In the summer of 1990, just before my final year of high school, Robocop 2 hit the big screen. A huge fan of the original movie, I had to see the sequel. This was before we had year-long lead-ups to summer blockbusters with so many trailers and leaks and hundreds of YouTubers making videos about the damn trailers and everything being over-hyped online until there’s no way any movie can live up to all that.
No, I just walked into the theater without knowing much of anything other than “Robocop is awesome,” and I took an unexpected journey. It was one of the first—if not the first—movie with an R rating I got to see on my own since I had turned seventeen that year, and my teenage mind was blown away. But what really caught me by surprise was when the end credits announced the movie was written by a comic-book creator whose work I knew: Frank Miller.
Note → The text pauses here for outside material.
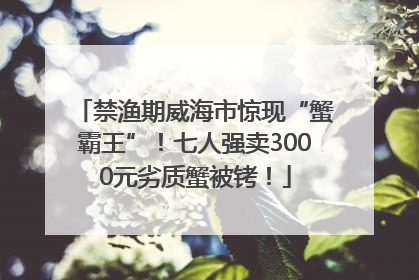 禁渔期威海市惊现“蟹霸王”！七人强卖3000元劣质蟹被铐！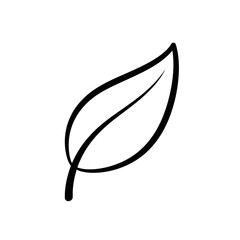 Simple black and white line drawing of a single leaf, showing its shape and veins.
The stunning revelation made instant sense to me. Movies based on comic books are a dime a dozen now, but Robocop 2 was one of the first live-action films that really captured the essence of the over-the-top action, humorous parody, pointed social commentary, insane violence, and grim-and-gritty protagonists that characterized the tonal shift in many mainstream comics in the mid-to-late 1980s. Miller’s The Dark Knight Returns was a big part of that change, and his Robocop film had a lot in common with it.
But while the movie was so much fun in a “Rule of Cool” way, the comics adaptation based on Miller’s original script is a mean-spirited mess that lacks the movie’s focus and hilarity, and it will probably make you grateful for all the changes made for the film. Its best feature is the artwork by Juan Jose Ryp, a non-stop visual feast of intricately detailed hyper-violence that is gloriously exemplified by Ryp’s covers for the series—especially the wraparound covers.
Ryp drew my all-time favorite covers, and he is in fine form on Robocop where he renders cyborgs, cops, and criminals in chaotic combat scenes that completely destroy their urban environments. Although the series itself isn’t so great, I indulged in these works of art for my small collection of Ryp’s work for Avatar Press. Along the way, I also picked up some ripping Ryp wraps that were missing from my Anna Mercury and Wolfskin collections.
You could probably stuff a short box full of nothing but Ryp’s prolific output for Avatar. And who knows? Maybe one day I will. As Robocop says at the end of the movie version, “Patience, Lewis. We’re only human.”
Collector’s Guide: These covers appear on the original single issues of Frank Miller Robocop by Avatar Press (2003). If you lack the patience to track them all down in print, you can get the entire digital collection for about $20.
Ryp also did covers for Robocop: Wild Child and Robocop: Killing Machine, though he did not do the interior art and they are only sixteen pages each.